In the downstream portion of the genome, there was evidence of multiple recombination events between the AIBV and TCoV lineages. Although AIBV-like in the upstream genes from 1a though Env, Peafowl/GD/KQ6/2006 (AY641576) and Mass 41 (AY851295) showed a close resemblance to TCoV in the M gene (Fig. 3A). Similarly, the N gene of the AIBV isolate CK/CH/LSD/05I (EU637854) was less than 1% different from that of the TCoV isolate TCoV/TX-GL/01 (GQ427174) but nearly two orders of magnitude more divergent from a typical AIBV N gene (Fig. 3B). These results imply that there have been recent recombination events, causing near-homogenization of certain genomic regions between genomes that continue to differ markedly in the S gene. Moreover, the occurrence of such events suggests an important role for recombination in homogenizing non-S portions of the genome between the AIBV and TCoV lineages.

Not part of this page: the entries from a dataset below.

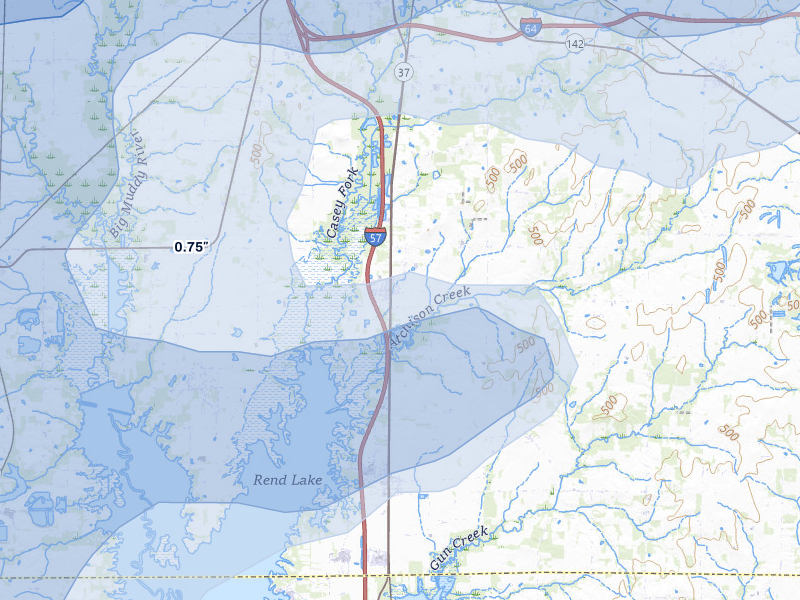 NEXRAD radar-signature map of the hail over Bonnie, IL
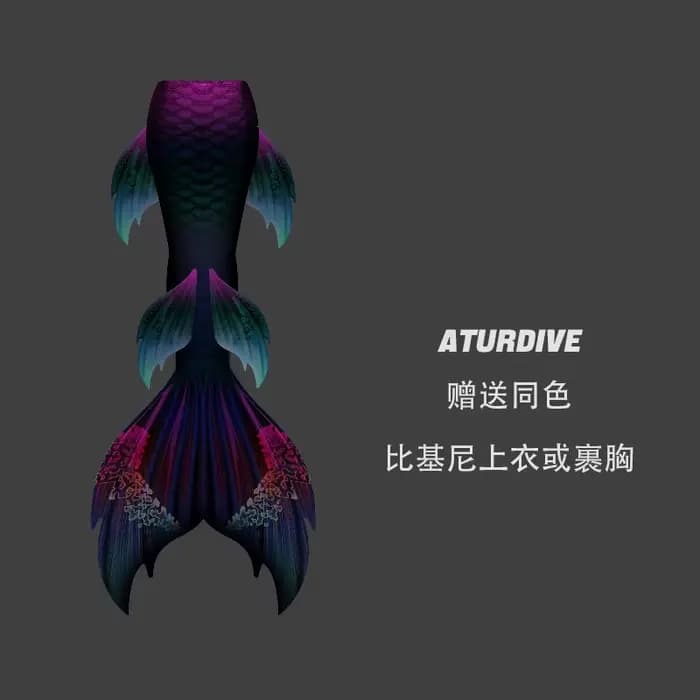 AturDive – maillot de bain queue de poisson sirène, Simulation de graisse élargie, combinaison de sp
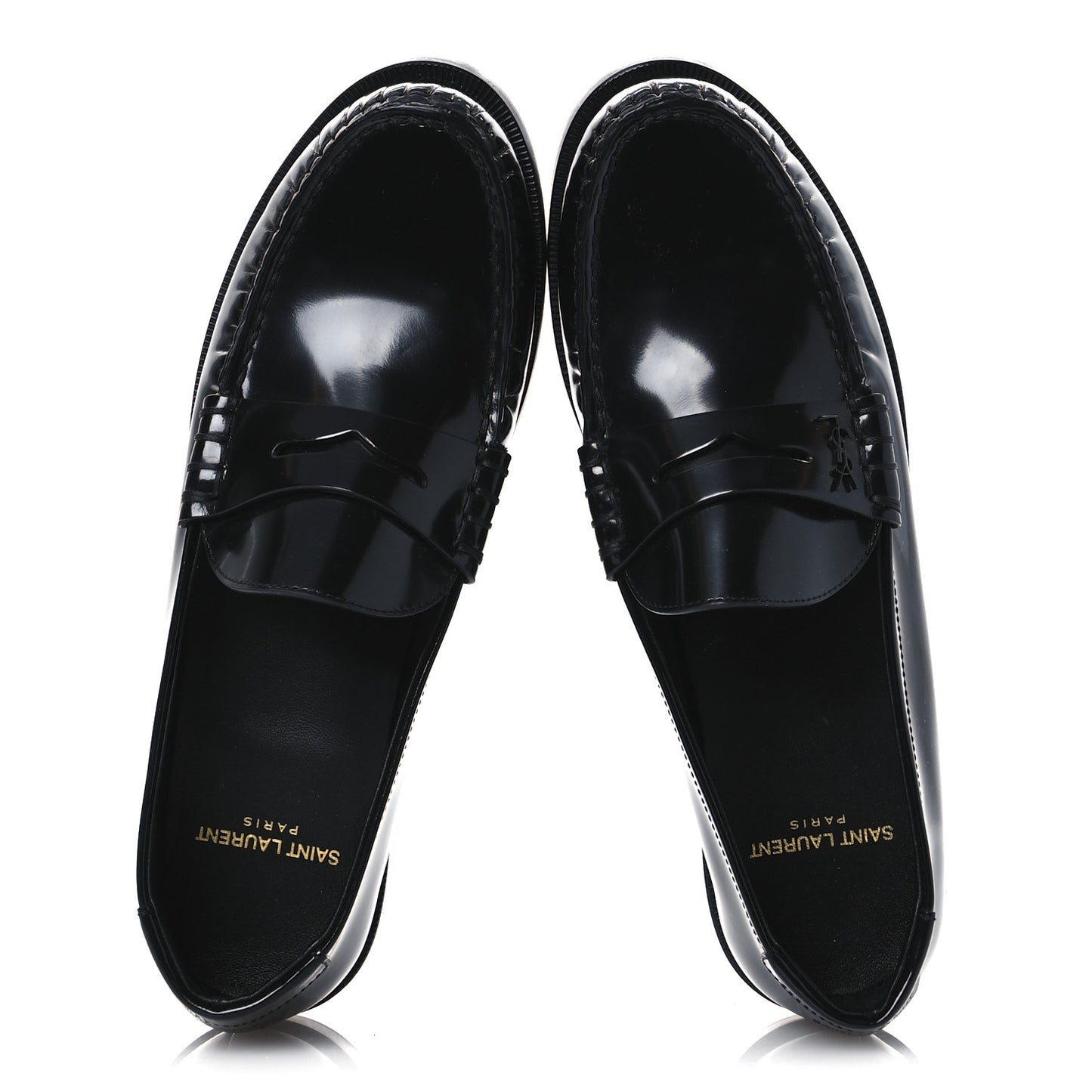 Calfskin Penny Loafers 38 Black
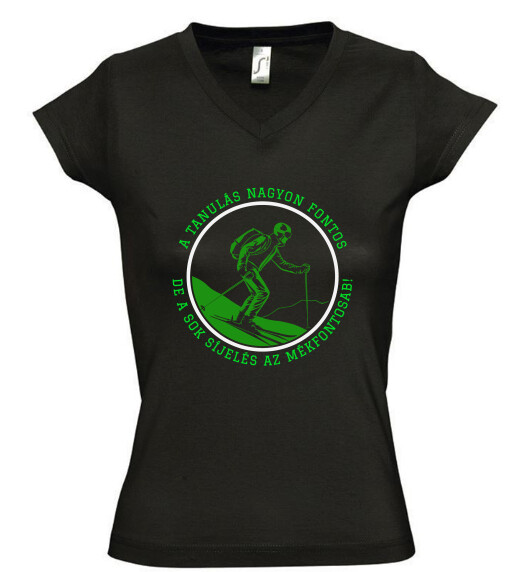 Női V nyakú póló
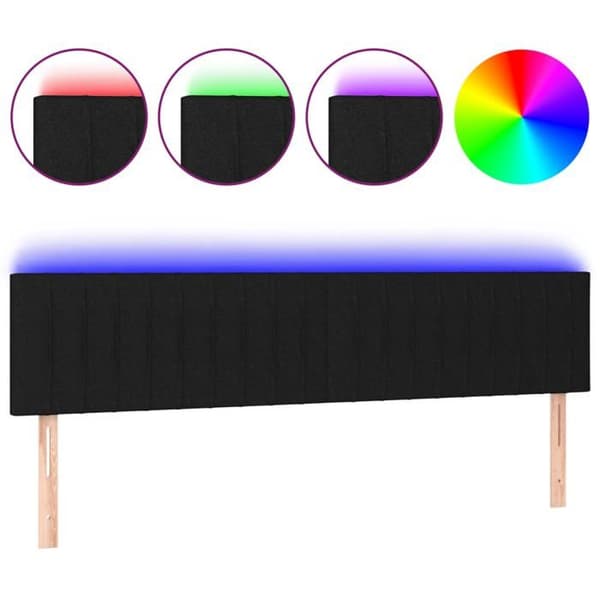 Maison Exclusive - LED-päätymustalla 160x5x78/88 cm kankaalla Svart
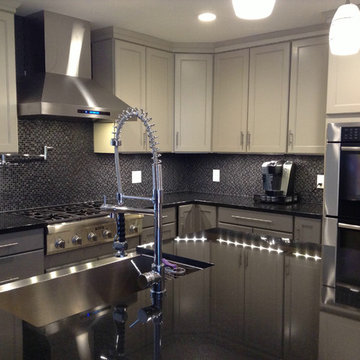 Painted kitchen cabinets with Extra large Island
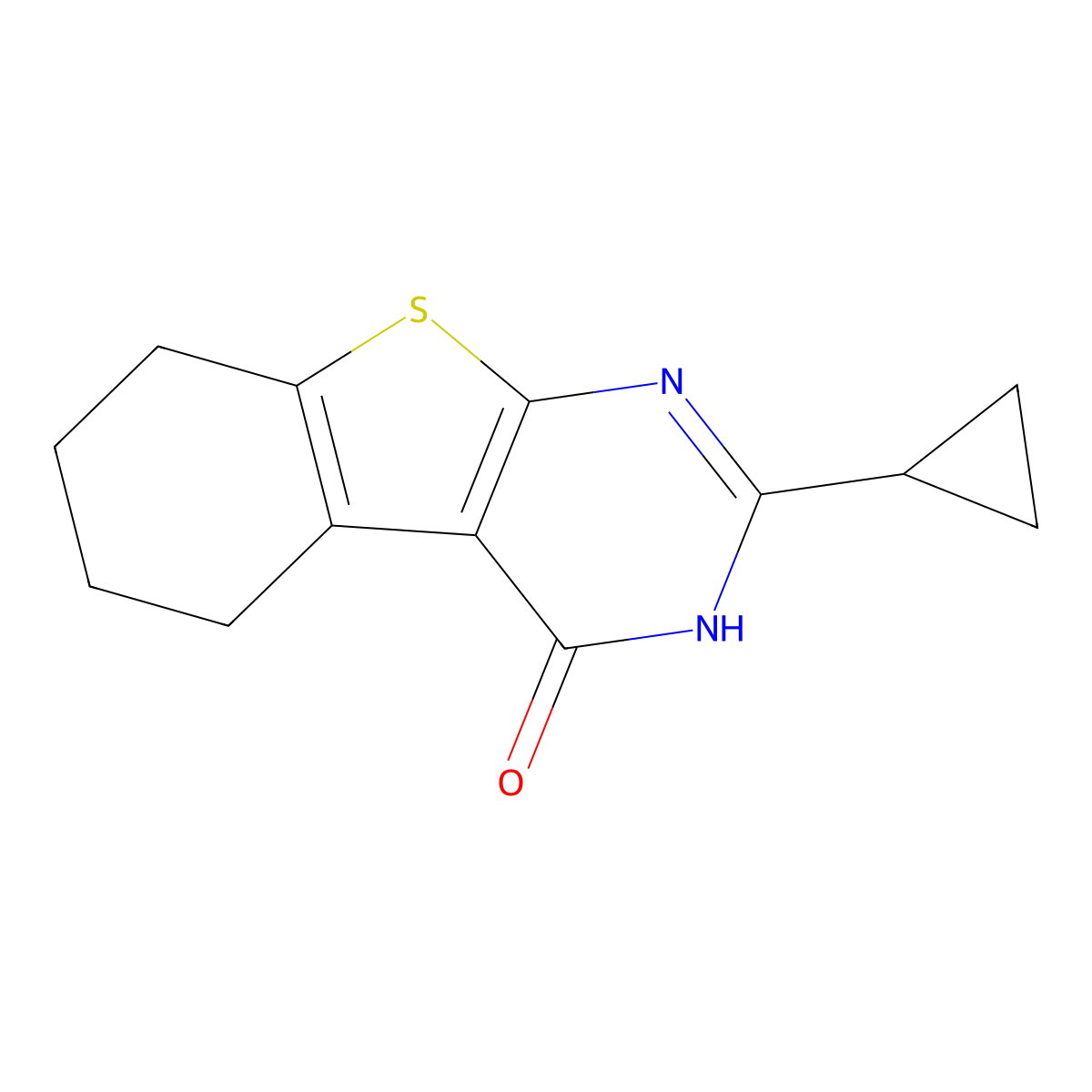2-cyclopropyl-5,6,7,8-tetrahydro-3H-[1]benzothiolo[2,3-d]pyrimidin-4-one molecular structure, CAS 462066-12-2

In their present niches in the agricultural ecosystem, AIBV and TCoV infect different host species and different organ systems within those hosts. Under these circumstances, it seems unlikely that the two viruses have opportunities for recombination. However, the hypothesis proposed here does not require recombination at the present time, but only recombination in the evolutionary past between the lineage that gave rise to AIBV and the lineage that gave rise to TCoV. The history of these viruses prior to their appearance as agricultural pathogens is unknown, but recent analyses of viruses infecting wild birds suggest that AIBV and TCoV represent just the tip of the iceberg of a vast assemblage of avian coronaviruses awaiting discovery and characterization [2931]. Moreover, individual bird species may be infected by a number of distinct coronaviruses [2931], as would be required for recombination between different viral lineages.

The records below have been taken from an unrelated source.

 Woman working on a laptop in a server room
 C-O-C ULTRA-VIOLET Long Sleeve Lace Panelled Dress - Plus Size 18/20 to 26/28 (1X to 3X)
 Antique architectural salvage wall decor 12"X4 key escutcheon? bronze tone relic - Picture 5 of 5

A phylogenetic analysis of S proteins of coronaviruses of birds and mammals (Fig. 5) supported the hypothesis that the S proteins of AIBV and TCoV are closely related and that these two viruses belong to a clade of avian-specific coronaviruses. The fact that the S proteins of these two viruses clustered together in the phylogenetic tree provides evidence against the hypothesis that either of the two viruses obtained its S protein from a widely divergent coronavirus. The close phylogenetic relationship of AIBV and TCoV is consistent with the hypothesis that their ancestors shared hosts during their evolutionary history and thus with the hypothesis of recombination between these two coronavirus lineages.